Overly aggressive treatment of asymptomatic high blood pressure can lead to several side effects, from faint dizziness to life-threatening organ failure. Yet in hospital settings, hypertensive patients are frequently prescribed intravenous medications when oral agents would decrease blood pressure more slowly and safely, according to a research study from the Icahn School of Medicine at Mount Sinai.
Hypertension emergencies account for only 1-2 percent of hospitalized patients with high blood pressure, but they require the use of IV antihypertensive drugs to avert organ damage and possibly death. Hypertensive urgency, by contrast, can be caused by anxiety or pain and the recommended course of action is to use oral antihypertensive drugs over hours or even days to gradually reduce blood pressure.

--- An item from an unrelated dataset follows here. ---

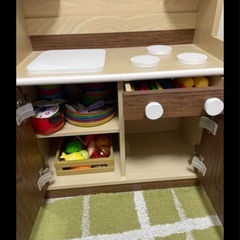 おままごとキッチン　カトラリーおまけ付の画像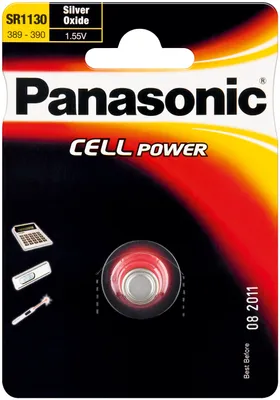 Image de Panasonic SR54 EL/SR1130 EL 1BL Batterie à usage unique Argent-Oxide (S)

At Mount Sinai Hospital in New York City, members of the High Value Care Committee and Student High Value Care Initiative identified the management of hypertensive patients as an opportunity for reducing inappropriate care. They developed a quality improvement project aimed at reducing the use of IV antihypertensive medications where warranted.
In the study, the authors stated: “The goal of the intervention was to have nurses assess for end-organ damage and alternate etiologies and include this information on their assessment provided to the physician, which would result in appropriate treatment of elevated blood pressure.”
This first-of-its-kind intervention was implemented on two inpatient medicine units at Mount Sinai, an urban, 1,134-bed tertiary medical center, from March 2017 to February 2018. The intervention included education, a treatment algorithm, monthly feedback and changes to the electronic medical record order sets. It targeted nurses, house staff, nurse practitioners and attending physicians on medical teaching and nonteaching services.
First, representatives from the nursing and cardiology departments developed a clinical algorithm to guide nurses and house staff in evaluating why a patient’s blood pressure might be elevated, including causes that might not require aggressive treatment. They also developed a table and flowchart outlining the oral medications used for hypertensive urgency, which affects the vast majority (98%) of hospitalized patients with high blood pressure.
Educational sessions were held at monthly nursing huddles, and the table and flowchart were added to an existing mobile app to provide clinicians with easy access. Rotating house staff received emails introducing them to the QI project and providing the treatment algorithm. Monthly feedback was given to nurses and providers who ordered IV treatment without appropriate indications, and EMR alerts were placed on orders for two popular IV antihypertensive medications to remind clinicians to assess for appropriate symptoms.
In comparing seven-month pre-intervention and 12-month post-intervention data, the project team found that inappropriate orders decreased by 60 percent per 1,000 patient days, and adverse events associated with use of IV antihypertensive medications declined by 57 percent per 1,000 patient days. The results were based on 260 one-time orders on the two medical units.
“By performing an interdisciplinary intervention, we addressed the knowledge deficit of both nurses and physicians, improved the triage of elevated blood pressure, and likely decreased the number of pages to providers,” the authors wrote.